Ces deux phrases sont un condensé de toute l’incapacité de la théorie dominante à comprendre quoi que ce soit à ce que sont la valeur et la richesse.

Premièrement, ce qui fait la différence entre un prix de marché et l’évaluation des services non marchands au coût des facteurs, c’est que, dans un cas, le profit s’ajoute au coût de production et, dans le second, il n’y a pas de profit. La différence ne tient donc pas à la question de la qualité ou des résultats pour l’usager. Ici, on retrouve l’illusion consistant à penser que la valeur économique est fondée sur la valeur d’usage, illusion entretenue aussi bien par l’idéologie néo-classique que par ceux qui ont cru répondre de nouvelle manière à la question «Qu’est-ce que la richesse ?».

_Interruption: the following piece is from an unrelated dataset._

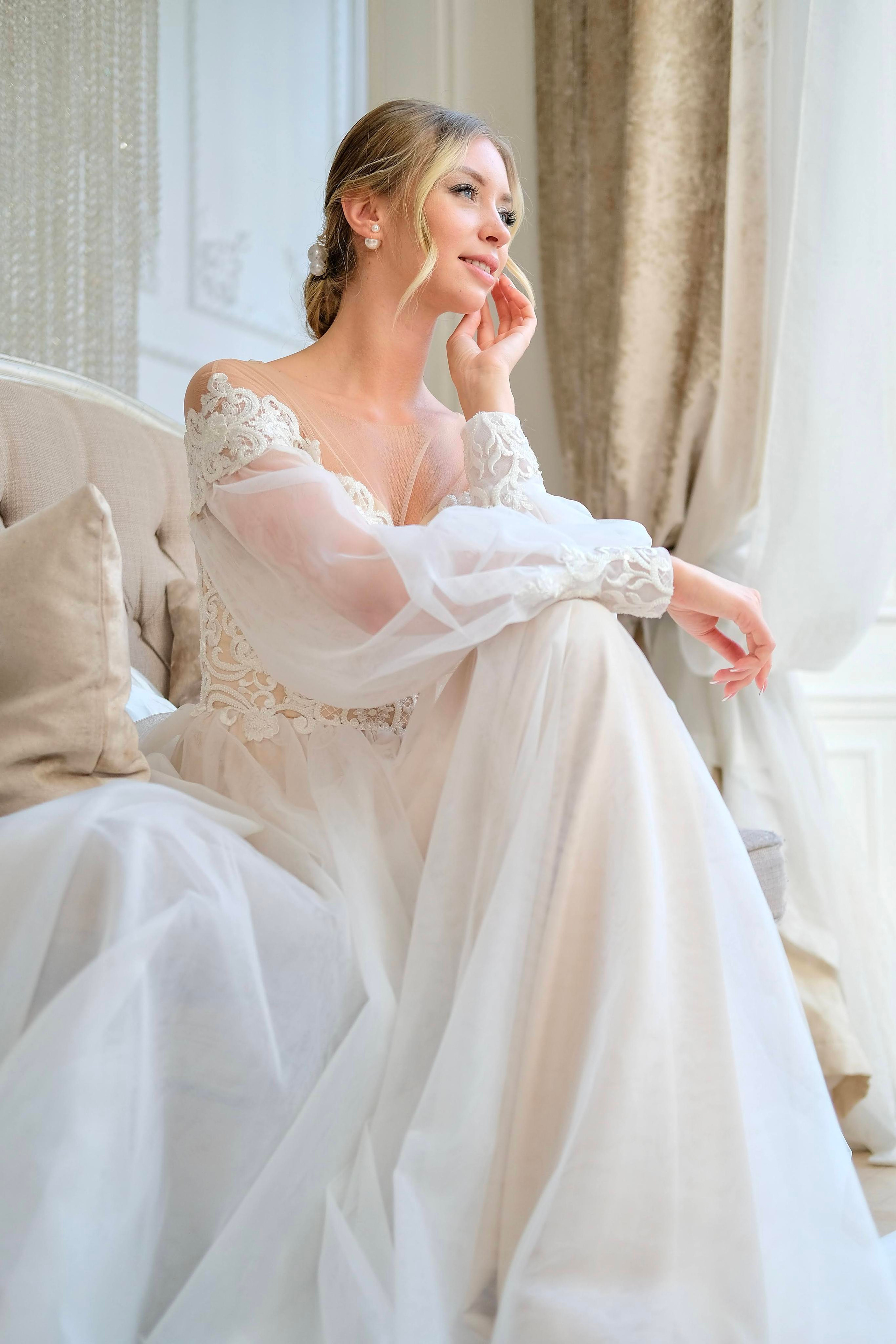 Свадебная фотосессия. Фотограф в Красногорске и Москве Корчагина Елена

Deuxièmement, le coût de production de la santé et de l’éducation n’est pas plus ni moins significatif de l’état sanitaire et de l’éducation que le coût de production des automobiles ne reflète la qualité des déplacements dans les embouteillages.

Troisièmement, en admettant que la productivité dans les services non marchands reste constante (ce qui resterait à prouver) et qu’elle augmente dans la production de marchandises, ce sont ces dernières qui seraient dévalorisées.

Après cette dernière erreur, il ne reste plus au CESE qu’à proposer la notion de «valeur ajoutée d’usage durable» (p. 12) qui est un petit bijou d’embrouillamini. Comment faut-il comprendre cette notion ? Une valeur ajoutée qui aura un usage durable ? Cela ne voudrait strictement rien dire car la valeur ajoutée est un flux monétaire. Une valeur d’usage durable ? Ce serait un signe de soutenabilité véritable, mais cela ne peut être tiré de la valeur économique.

Le CESE se méprend sur la différence entre produit brut et produit net: «le PIB comptabilise comme une production courante la valeur des ressources naturelles mises sur le marché mais néglige les atteintes à l’environnement parce qu’aucun agent n’en supporte les coûts (externalités négatives) ; les mesures classiques du produit intérieur net (PIN) ne tiennent d’ailleurs compte ni de l’épuisement des ressources ni de la dégradation des actifs naturels» (p. 10 et 66). La première partie de cette phrase est exacte ; la seconde est erronée car si l’on veut défalquer l’épuisement et la dégradation de la nature, c’est au PIB qu’il faut l’ôter et non pas au PIN.

Le CESE reprend à son compte les notions de capital naturel et de capital humain, sans aucune distance critique par rapport à ces concepts directement issus de l’idéologie néo-classique, tendant à tout réduire à du capital, susceptible de valorisation financière. De plus, «le “capital humain” (non reconnu dans le cadre comptable mais qui représenterait 80 % des richesses d’une économie, voire davantage)» (p. 11) est ici envisagé comme un stock qui pourrait être intégré dans un flux courant de richesse créée !

Le CESE regrette que l’empreinte écologique n’envisage pas la substitution du capital économique au capital naturel (p. 41), après avoir souligné que l’hypothèse de substituabilité relevait d’une conception faible de la soutenabilité (p. 13) !

Le CESE approuve largement l’indicateur habilité par la Banque mondiale, l’épargne nette ajustée, l’une des multiples variantes des indicateurs de développement soutenable imaginés au cours des dernières années: bien-être durable, progrès véritable, PIB vert, etc.

Le point commun de toutes ces tentatives est de soustraire du PIB la dépréciation du capital économique et une estimation des dégradations du «capital naturel», mesurée par le coût de réparation, et d’ajouter l’investissement en «capital humain». Premièrement, il est pratiquement certain que jamais le coût de production des activités réparatrices ne pourra donner la «valeur» de la nature. Deuxièmement, ajouter les dépenses d’investissement en formation suppose qu’elles ne soient pas déjà comptées dans le PIB en tant qu’activités éducatives ou bien qu’on ajoute un stock de «capital humain» à des flux.

Devant tant d’impasses et de raccourcis méthodologiques, on se dit qu’il doit y avoir une fascination exercée par le capital qui anéantit tout esprit critique. Le fétichisme doit être cela.

Je suis conscient que mon commentaire mériterait de plus amples développements, mais que le lecteur me pardonne de renvoyer à deux de mes ouvrages: L’économie économe (Harmattan,1997), Raconte-moi la crise, Edition le Bord de l’eau. 2009.